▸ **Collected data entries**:
^^^^

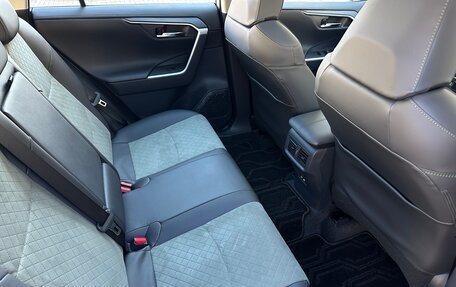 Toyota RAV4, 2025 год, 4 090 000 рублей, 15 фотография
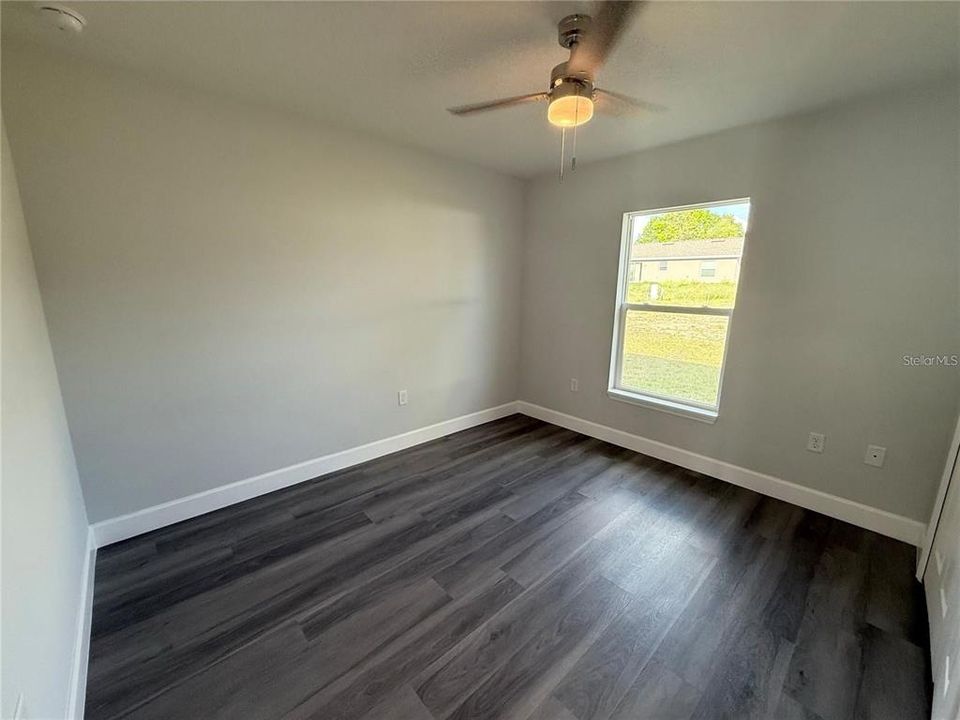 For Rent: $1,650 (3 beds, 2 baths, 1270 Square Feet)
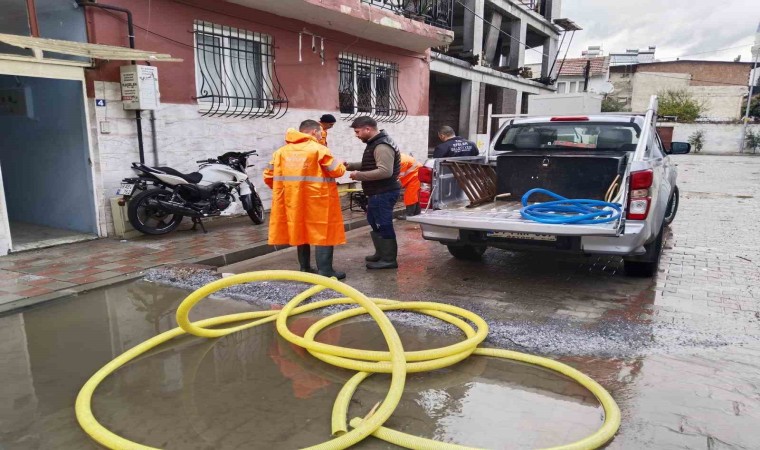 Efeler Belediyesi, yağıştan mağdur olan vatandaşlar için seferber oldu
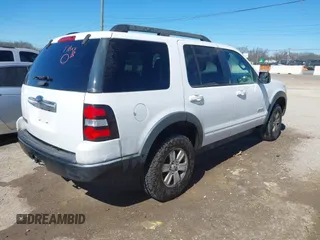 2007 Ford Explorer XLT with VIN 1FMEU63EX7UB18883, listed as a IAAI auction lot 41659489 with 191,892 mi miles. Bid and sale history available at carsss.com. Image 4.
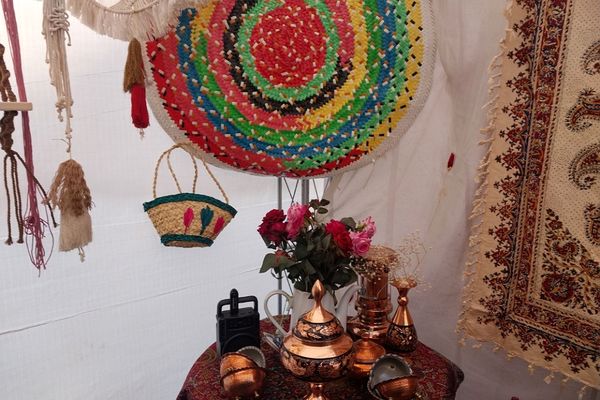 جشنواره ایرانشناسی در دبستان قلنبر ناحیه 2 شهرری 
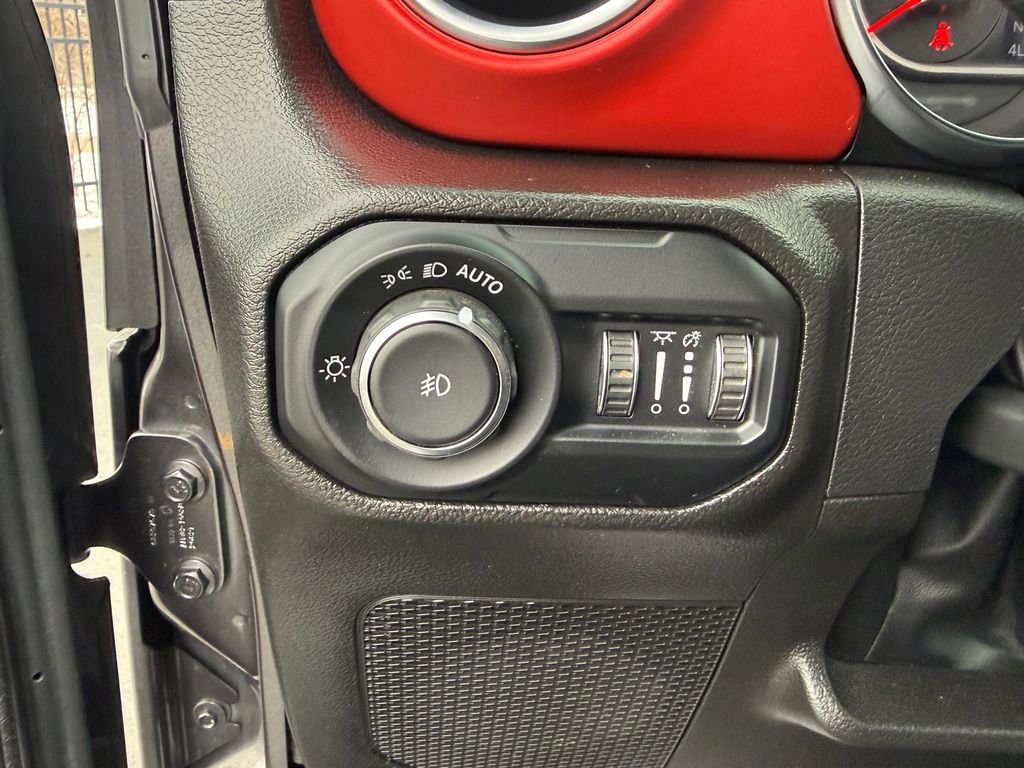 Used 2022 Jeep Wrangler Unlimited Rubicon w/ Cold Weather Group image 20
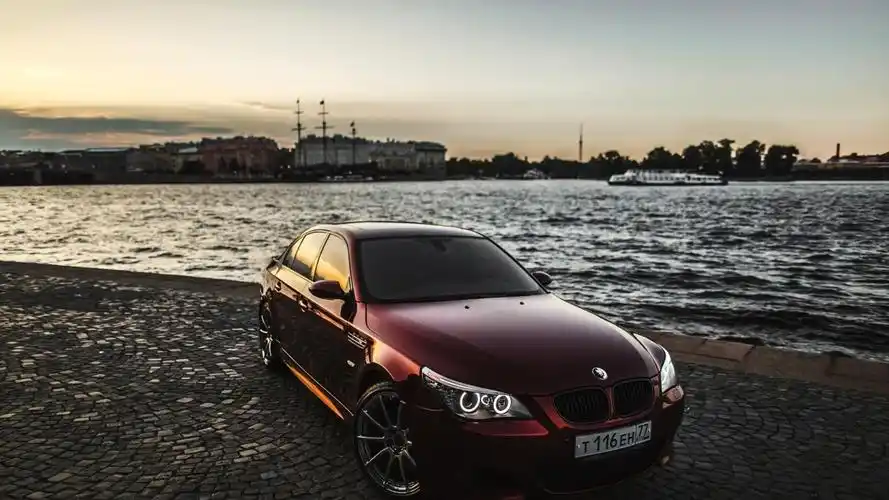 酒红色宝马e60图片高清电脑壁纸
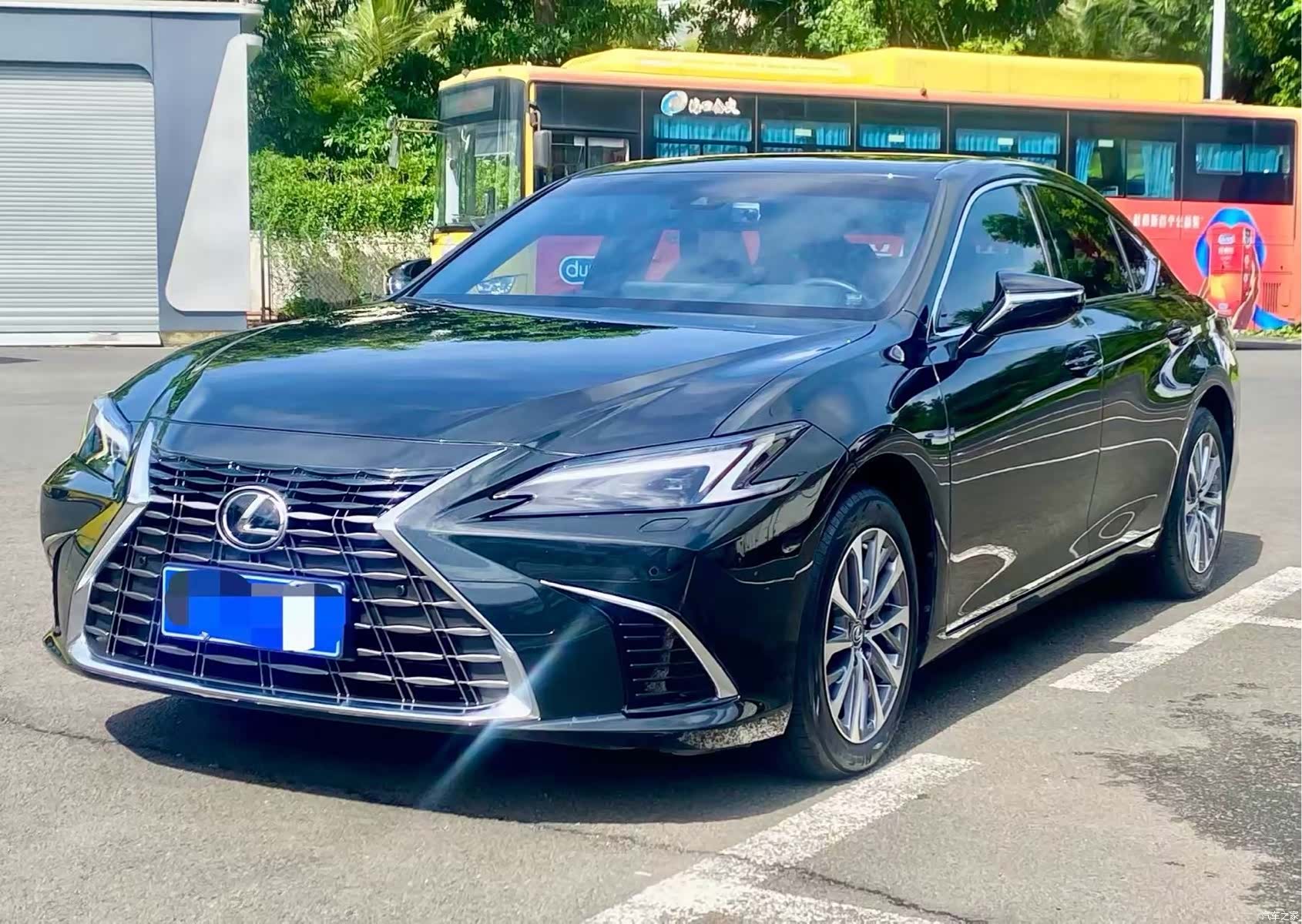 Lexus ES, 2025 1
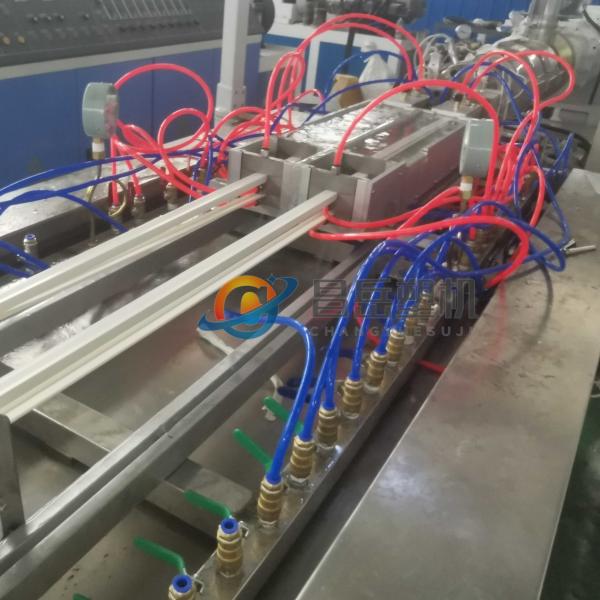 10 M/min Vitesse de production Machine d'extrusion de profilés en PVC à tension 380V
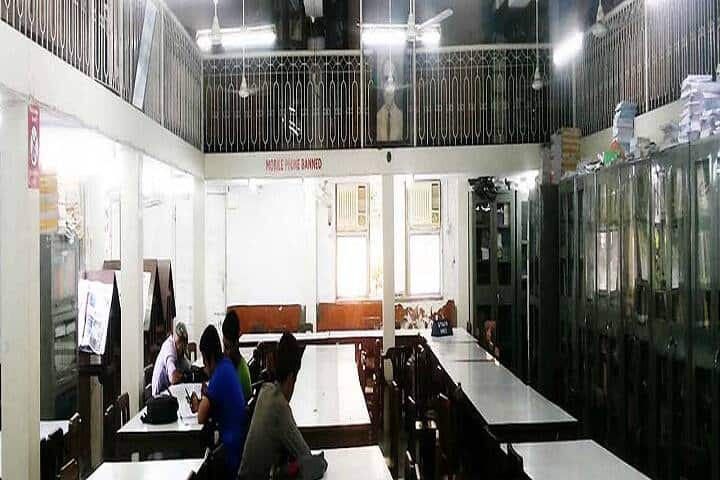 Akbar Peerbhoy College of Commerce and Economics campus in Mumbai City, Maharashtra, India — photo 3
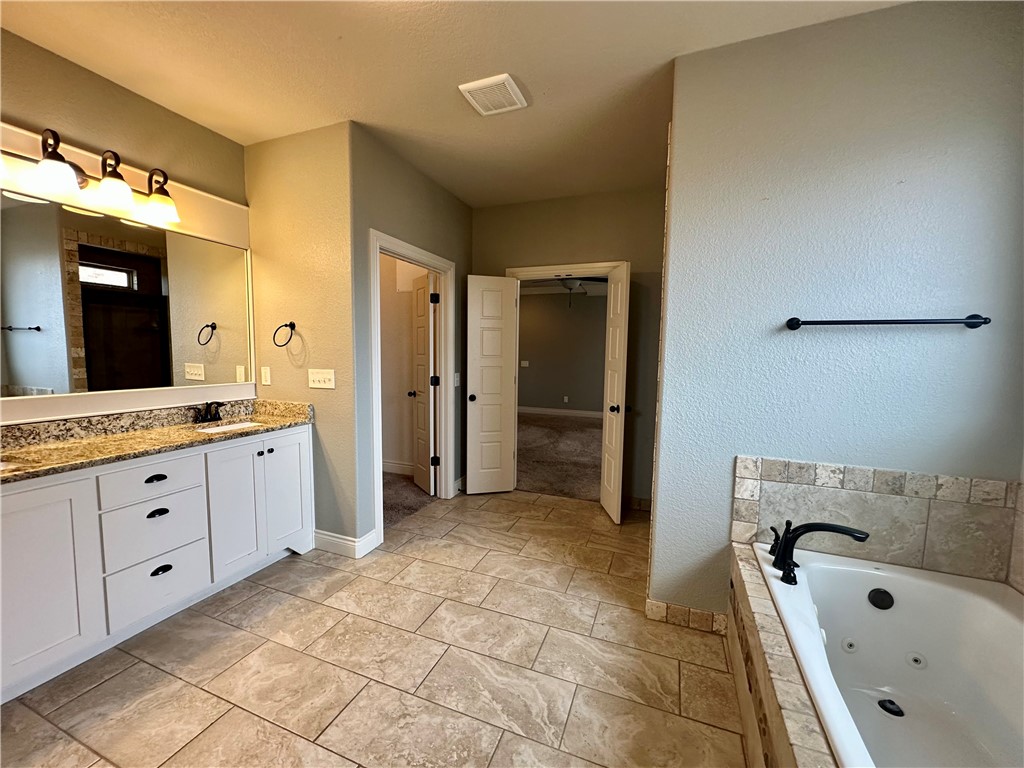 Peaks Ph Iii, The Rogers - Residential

^^^^

Given the entries above, transcribe exactly the lines from the one holding "Efeler Belediyesi, yağıştan" through the one holding "2007 Ford Explorer"; pictures do not belong in the transcription.

▸ **Worked solution**:
 Efeler Belediyesi, yağıştan mağdur olan vatandaşlar için seferber oldu
 2007 Ford Explorer XLT with VIN 1FMEU63EX7UB18883, listed as a IAAI auction lot 41659489 with 191,892 mi miles. Bid and sale history available at carsss.com. Image 4.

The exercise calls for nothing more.